4

Actually, this is only a clarification about the definition of a base for a topology. In the book of Dshalalow entitled "Real Analsysis: An Introduction to the Theory of Real Functions and Integration", CRC Press LLC, USA, 2001, at p.115, defined the base for a topology as follows and I quote:

Definition. Let $(X,\tau)$ be a topological space. A subcollection $\mathcal{B}$ of open sets is a base for $\tau$ if every open set is a union of some elements of $\mathcal{B}$. (Specifically, it follows that $\varnothing$ must be an element of $\mathcal{B}$.)

I got confused with the definition of a base because as Scott mentioned in here, it is never necesssary to include $\varnothing$ in a base. I want to be clarified with this and many thanks in advance.

Community
  • 1
Juniven Acapulco
  • 9,654

1 Answers1

8

Since $\varnothing$ is a subset of any collection $\mathscr{B}$, and $\bigcup\varnothing=\varnothing$, it really isn’t necessary to include $\varnothing$ in $\mathscr{B}$: the empty set is the union of the empty sub-collection of $\mathscr{B}$. However, some people don’t like to deal with (or simply forget about) $\bigcup\varnothing$; that’s probably what happened here.

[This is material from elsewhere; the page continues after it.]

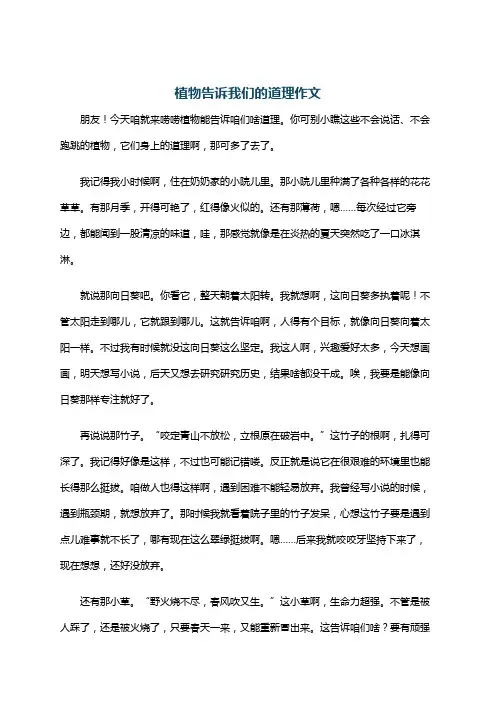 植物告诉我们的道理作文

Note that in practice $\varnothing$ is very often not included in a given base for a topology: very often one describes a local base at each point of the space and then takes the union of these local bases as a base for the topology, and when this is done, $\varnothing$ is not included. Similarly, the family of open intervals $(p,q)$ with $p,q\in\Bbb Q$ and $p<q$ is often given as a base for the Euclidean topology on $\Bbb R$, and it does not include $\varnothing$.

Brian M. Scott
  • 616,228